# Pretty mare, color help!



## ImpulsiveLucy (Oct 8, 2012)

I know, I just made a similiar post like this one.. But this one is for my rescue mare.
Her name is Charm, she does carry the silver gene- you can see it in her mane- and her babys have all come out a smoky grey/grulla. Or at least all of them that I know of her having before we got her! I haven't bred her due to her build not being the greatest! She's slightly ****-footed. 

She looks kinda washed out or faded brown in her fall pics, but in the winter she is JET black! Drop dead gorgoues! The one of a braid is of her tail in a fishtail after it got washed and we got some of the urine stains out of it. 

So what do you guys think of her coloring? I really like it! I haven't found another like her yet!


----------



## CLaPorte432 (Jan 3, 2012)

Not 100% sure, so im subbing to find out!
_Posted via Mobile Device_


----------



## lilruffian (Jun 28, 2010)

Me neither, but i am guessing at silver


----------



## Remali (Jul 22, 2008)

I would say chocolate. Like you find in the Rocky Mountain horses... very stunning color! Pretty mare!


----------



## ImpulsiveLucy (Oct 8, 2012)

Remali said:


> I would say chocolate. Like you find in the Rocky Mountain horses... very stunning color! Pretty mare!


I love her! But now that its winter, she is jet black! Can chocolates do that? Go from brown/ black in the summer to jet black in the winter?


----------



## Chiilaa (Aug 12, 2010)

"Chocolate" is a breed specific term for a black silver. So unless she is a registered RMH, then she is not chocolate. What she is is black silver. The silver dilute causes the mane and tail to lighten in that silvery manner as opposed to lightening in a red manner. It also causes the black base coat to be diluted to a purple/brown colour at certain times of year. It can also cause extreme dappling, hence it being called silver dapple at times. In Australia and the UK it is often refered to as taffy or silver taffy.


----------



## ImpulsiveLucy (Oct 8, 2012)

Chiilaa said:


> "Chocolate" is a breed specific term for a black silver. So unless she is a registered RMH, then she is not chocolate. What she is is black silver. The silver dilute causes the mane and tail to lighten in that silvery manner as opposed to lightening in a red manner. It also causes the black base coat to be diluted to a purple/brown colour at certain times of year. It can also cause extreme dappling, hence it being called silver dapple at times. In Australia and the UK it is often refered to as taffy or silver taffy.

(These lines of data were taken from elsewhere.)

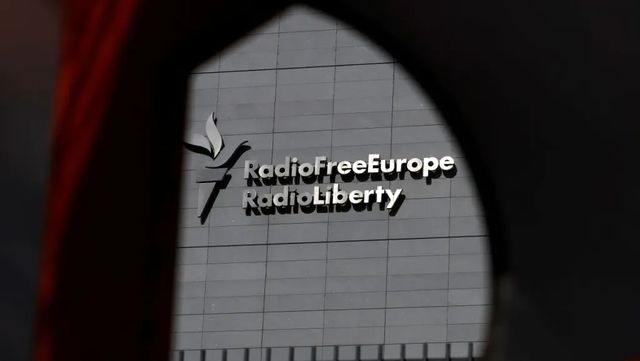Írán zařadil na seznam vojenských cílů stanici Radio Farda sídlící v Praze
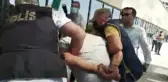 Bursa haberleri | İnfaz koruma memurlarını taşıyan servis aracına saldıran 3 terörist Bursa'ya getirildi (2)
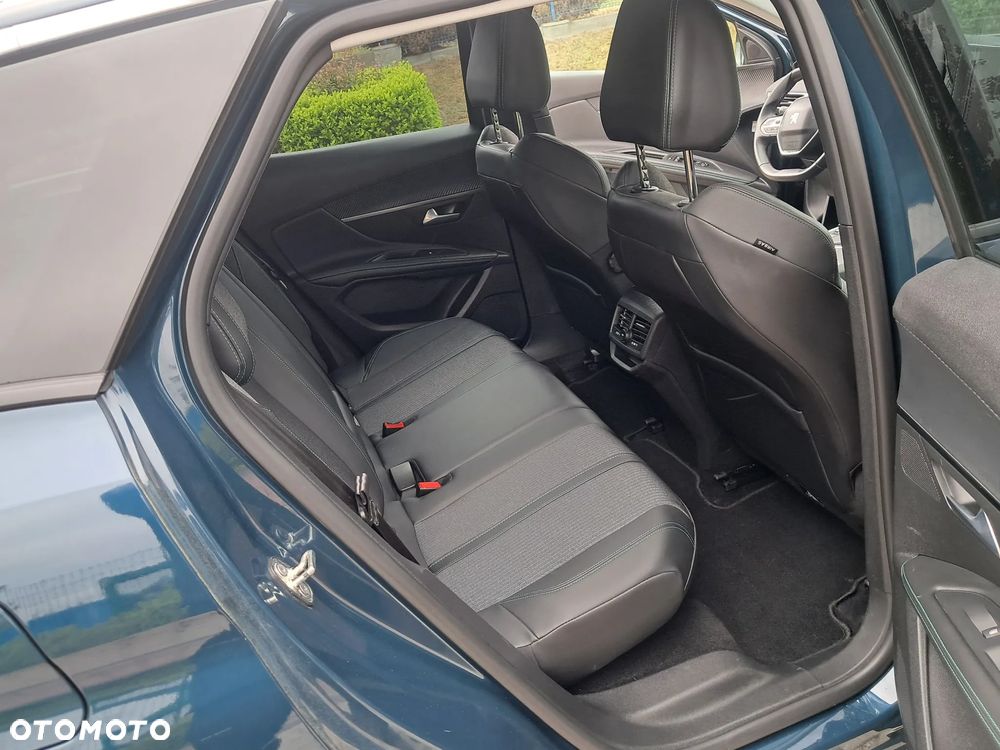 Peugeot 3008 BlueHDi 130 Stop & Start Allure - 28
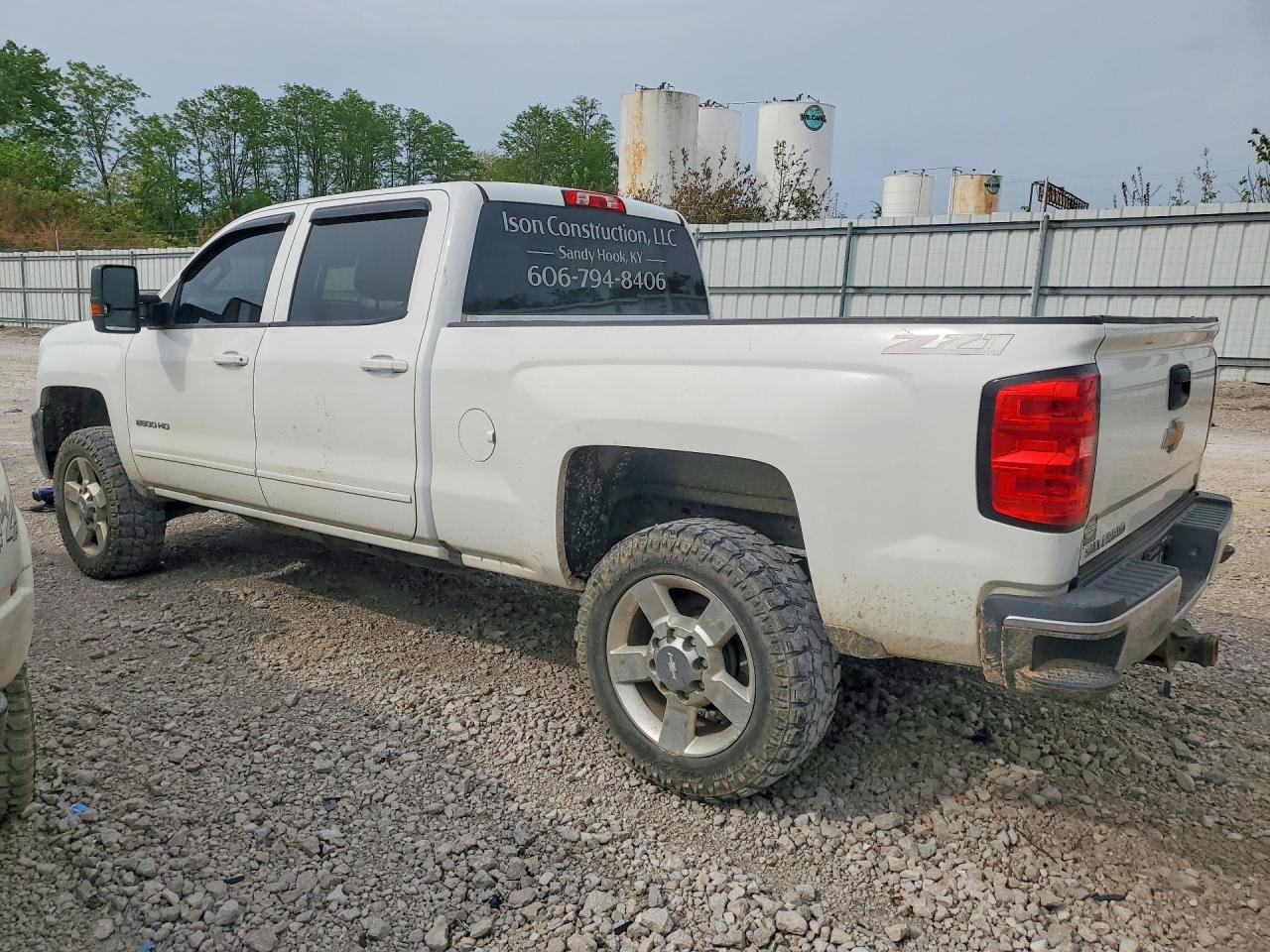 2018 CHEVROLET SILVERADO K2500 HEAVY DUTY LT photo 3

Thank you bunches!! I hate trying to figure out colors on different horses! I'm far better at conformation critiquing, than colors... 
I actually am trying to get ahold of this little mares papers! She is a registered quarter pony. She stands 56 and 3/4 when trimmed, and just over 57 inches when she needs a trim. 
So she should for sure carry the silver gene then right?? She had a smoky gray/ grulla kinda baby this spring..


----------



## FeatheredFeet (Jan 27, 2010)

Black silver horses, are often a light greyish colour at birth. 

Lizzie


----------



## verona1016 (Jul 3, 2011)

If you want to confirm, you can always test for the silver gene. Having a grulla baby doesn't necessarily tell us much, especially without pictures, since grulla = black + dun. The presence of silver isn't always obvious on a grulla horse.


----------



## ImpulsiveLucy (Oct 8, 2012)

Here is a pic of one of her babys. Sorry its not the greatest!! But you can see her color at 2 weeks old. You guys are really good at colors! and she's alot darker than I thought.


----------



## ImpulsiveLucy (Oct 8, 2012)

Baby at 4 monthes old.


----------



## verona1016 (Jul 3, 2011)

What color was the sire? The foal looks like a very "adult" shade of black in the first picture, and looks like he might have "goggles" at 4 months- I'm wondering if he's actually black going gray? For that to be the case, the sire would have to be gray, since obviously the dam is not  I don't see dun or silver on the baby, but as a disclaimer I get thrown off by foal coats sometimes!


----------



## Endiku (Dec 6, 2010)

Did you just get her? Her hooves are disturbingly underrun, long, and chipped.


----------



## ImpulsiveLucy (Oct 8, 2012)

Endiku said:


> Did you just get her? Her hooves are disturbingly underrun, long, and chipped.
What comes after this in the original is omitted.